I am a beginner. Per professor's instruction, all steps must be written explicitly. If you spot a mistake be sure to note it?
Question: Determine whether $f(x)=\cos(x)$, for $f:\mathbb{R}\to[-1,1]$, is onto $[-1,1]$ or one-to-one?
If $f$ is onto, we prove for $y\in[-1,1]$ there exists an $x\in \mathbb{R}$ such that $y\in\text{Rng}(f)$. Therefore, we find an $x$ by taking $y=\cos(x)\Rightarrow \cos^{-1}(y)=\cos^{-1}(\cos(x))\Rightarrow \cos^{-1}(y)=x$. Hence, $x\in[-\pi,\pi]\subseteq\mathbb{R}$. Next, we substitute $x$ into $f(x)$: $f(x)=f(\cos^{-1}(y))=\cos(\cos^{-1}(y))$. Therefore, $y\in\text{Rng}(f)$. Thereby, $[-1,1]\subseteq\text{Rng}(f)$. Therefore, $[-1,1]=\text{Rng}(f)$. By definition of a surjective function, $f$ is onto $[-1,1]$.
Now suppose $f$ is one-to-one.

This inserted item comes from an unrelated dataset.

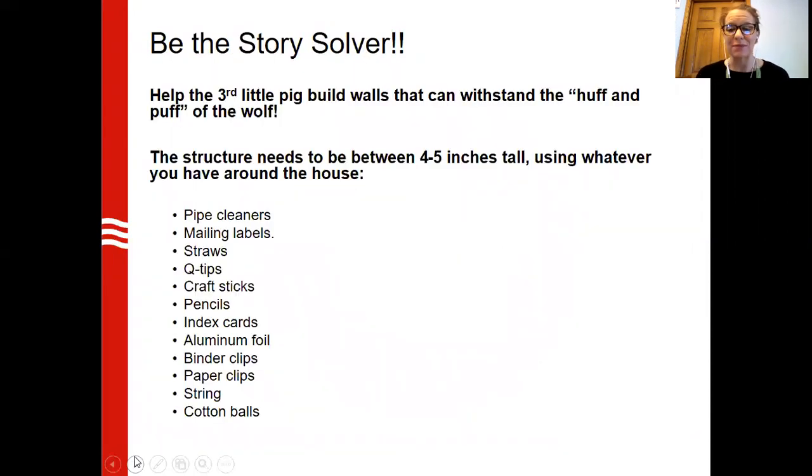We've all heard the story of the three little pigs. The huff and puff of the big bad wolf knocks over the first two pigs' houses. So our challenge today is to see if you can create a wall that will withstand the huff and puff of that wolf. The huff and puff can be a book that you flap up and down to create a gust of wind. The structure just needs to be four to five inches tall using whatever you have around the house — pipe cleaners, mailing labels, straws, Q-tips, binder clips. You can see the list on the screen. Use things from your junk drawer, backpack, or shelf to create a wall that can withstand the huff and puff of that big bad wolf.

If $f(x)=f(y)$ then $x=y$. But if $f(x)=f(y)=1$ then $x=2n\pi$ and $y=2m\pi$ for $m,n\in\mathbb{N}$. If $m\neq n$, then $x\neq y$. This contradicts our hypothesis that $f$ is one-to-one. Therefore, $f$ is not one-to-one.
You are over-complicating things.
$\cos:\mathbb{R}\to[-1,1]$ is not injective but it is surjective.
To show that it is surjective, use the intermediate value theorem. You know that $\cos(\pi)=-1$ and $\cos(0)=1$, so by the intermediate value theorem, for any $y\in[-1,1]$, there is an $x\in[0,\pi]$ with $\cos(x)=y$. Since $|\cos(x)|\leq 1$, then it is surjective onto $[-1,1]$.
To show that it is not injective, use the fact that $\cos$ is an even function, i.e., $\cos(x)=\cos(-x)$.